Nothing ever truly ends. One part dies so another breathes. The cycle is the only constant.
T = 1/f: cycle period (s) as inverse of frequency f (Hz). D: Miner's cumulative damage (dimensionless). n_i: cycles applied at stress amplitude i. N_f,i: cycles to failure at that amplitude (Basquin). D = 1 indicates imminent failure. D < 0.3: healthy component. The bicycle operates at multiple simultaneous cycle frequencies: pedaling, wheel, suspension.
"Nothing ever truly ends. One part dies so another breathes."
A bicycle in motion simultaneously operates at multiple cycle scales. Pedaling frequency: 1.3-1.8 Hz (80-110 rpm). Wheel rotation frequency at 25 km/h with 29" tire: ~3.4 Hz. Fork suspension natural frequency: 2-4 Hz. Each of these cycles applies cyclic loads to different components, accumulating damage according to Miner's rule with different n_i and N_f,i.
T = 1/f is the cycle basis: the time between successive loads determines how many cycles a component accumulates per kilometer.

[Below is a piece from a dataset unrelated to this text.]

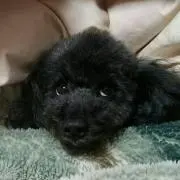 あっちゃん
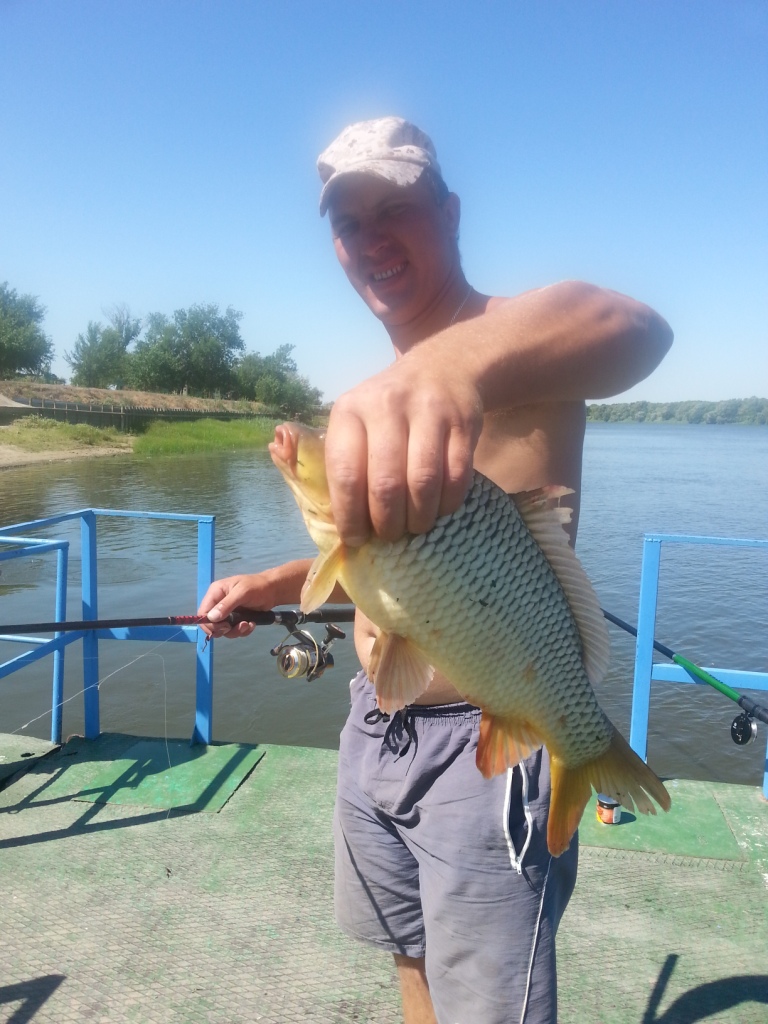 20140716_121650.jpg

At 25 km/h, the wheel completes ~3.4 cycles per second. In 1000 km of use, the hub bearing has completed approximately 490,000 cycles. At 80 rpm average cadence, the bottom bracket completes ~350,000 cycles per year of moderate use.
Miner's damage D is the sum of life fractions consumed at each stress amplitude regime. For a bicycle in Trujillo mixing urban riding (low σ_a, many cycles), La Esperanza climbs (high σ_a, few cycles) and abrupt descents (very high σ_a, very few but very damaging cycles), D accumulates contributions from three distinct regimes. Without usage tracking, D is always a partial unknown.
ACCUMULATED CYCLES — 1 YEAR OF USE IN TRUJILLO
Chain (links): ~520,000 load-unload cycles at 80 rpm, 10h/week. Rear hub bearing: ~1.8M ball load cycles. Suspension fork (impacts): ~180,000 compression cycles. Bottom bracket axle: ~360,000 bending cycles. Each cycle adds Δn_i/N_f,i to the Miner damage counter.
Cyclic maintenance is not arbitrary: it is the response to the Miner counter. When chain D reaches 0.75, the probability of failure in the next 200 km exceeds 50%. When fork seal D reaches 0.80, fluid loss is imminent. Service intervals exist because components have finite Basquin lives and damage counters that advance with every pedal stroke.
FIELD NOTE — BIKELAB, END OF SERIES
Scientific Noir ends where it began: the cycle. Entropy grows (Ep.1), stress acts (Ep.2), fatigue accumulates (Ep.3), corrosion advances (Ep.4), friction dissipates (Ep.5), degradation continues (Ep.6), noise emerges (Ep.7). Then the mechanic intervenes with negentropy (Ep.8), restores coherence (Ep.9), and the cycle restarts. Nothing ever truly ends.
The bicycle is a system of nested cycles within cycles: the pedaling cycle within the riding cycle, within the useful life cycle, within the maintenance cycle. The physics governing each is the same. What changes is the time scale. Understanding cycles is understanding when to intervene, with what, and with what expected result. The rest is consequence.